Take the reals $\mathbb{R}$ as a $\mathbb{Z}$-module and $\mathbb{Q}$ as a submodule of $\mathbb{R}$. What can the submodule $K$ be in this case? If $\mathbb{Q}$ and $K$ are supposed to have trivial intersection then it seems like the only thing $K$ can be is a set of irrational numbers together with $0$, but I don't see how that can be a submodule of $\mathbb{R}$.
What am I missing here? Thanks.
Consider the short exact sequence of $\mathbb Z$-modules $$ 0 \to \mathbb Q \hookrightarrow \mathbb R \xrightarrow{\varphi} \mathbb R / \mathbb Q \to 0. $$
Since $\mathbb Q$ is injective, the sequence splits. Thus, there exists a homomorphism $\lambda: \mathbb R / \mathbb Q \to \mathbb R$ such that $\varphi \circ \lambda = \operatorname{id}_{\mathbb R / \mathbb Q}$. Let $K = \lambda(\mathbb R / \mathbb Q)$. Then $\mathbb R = \mathbb Q \oplus K$.

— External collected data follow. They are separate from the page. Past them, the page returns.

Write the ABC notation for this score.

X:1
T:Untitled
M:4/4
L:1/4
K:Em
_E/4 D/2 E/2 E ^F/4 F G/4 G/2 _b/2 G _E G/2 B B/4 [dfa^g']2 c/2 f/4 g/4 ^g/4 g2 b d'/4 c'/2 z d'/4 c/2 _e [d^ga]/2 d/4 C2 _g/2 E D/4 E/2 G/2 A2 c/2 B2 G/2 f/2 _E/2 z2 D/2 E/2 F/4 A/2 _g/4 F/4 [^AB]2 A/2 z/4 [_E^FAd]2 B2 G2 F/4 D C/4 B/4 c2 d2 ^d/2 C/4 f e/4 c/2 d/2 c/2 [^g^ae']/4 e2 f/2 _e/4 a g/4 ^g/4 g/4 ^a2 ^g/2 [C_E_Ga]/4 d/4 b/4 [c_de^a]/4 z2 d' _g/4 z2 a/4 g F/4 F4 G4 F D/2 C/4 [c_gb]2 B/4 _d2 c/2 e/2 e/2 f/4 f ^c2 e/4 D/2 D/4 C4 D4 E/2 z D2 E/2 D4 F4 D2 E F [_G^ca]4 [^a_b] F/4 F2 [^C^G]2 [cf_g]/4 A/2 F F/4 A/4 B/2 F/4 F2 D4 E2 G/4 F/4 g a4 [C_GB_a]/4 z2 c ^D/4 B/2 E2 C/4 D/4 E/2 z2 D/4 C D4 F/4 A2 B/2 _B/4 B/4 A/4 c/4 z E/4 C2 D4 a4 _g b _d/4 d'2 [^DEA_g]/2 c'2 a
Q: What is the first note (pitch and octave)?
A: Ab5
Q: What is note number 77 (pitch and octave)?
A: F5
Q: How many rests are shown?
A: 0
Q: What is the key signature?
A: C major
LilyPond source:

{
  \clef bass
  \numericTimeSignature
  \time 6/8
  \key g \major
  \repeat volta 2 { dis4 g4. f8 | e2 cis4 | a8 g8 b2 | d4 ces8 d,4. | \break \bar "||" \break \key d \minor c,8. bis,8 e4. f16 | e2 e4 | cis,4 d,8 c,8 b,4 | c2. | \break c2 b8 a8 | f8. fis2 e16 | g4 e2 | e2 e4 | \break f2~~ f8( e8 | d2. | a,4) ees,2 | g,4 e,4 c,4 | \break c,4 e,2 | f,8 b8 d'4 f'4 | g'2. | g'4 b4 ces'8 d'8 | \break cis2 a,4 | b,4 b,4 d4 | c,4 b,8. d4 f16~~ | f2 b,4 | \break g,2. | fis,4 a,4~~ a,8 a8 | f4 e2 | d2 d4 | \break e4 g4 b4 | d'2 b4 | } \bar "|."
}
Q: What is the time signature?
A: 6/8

The axiom of choice is usually used to show that $\mathbb Q$ is injective, typically via Baer's criterion. I don't think one can find an explicit description of $K$. What we can say is that it consists of a choice of coset representatives in $\mathbb R$ of the quotient $\mathbb R / \mathbb Q$.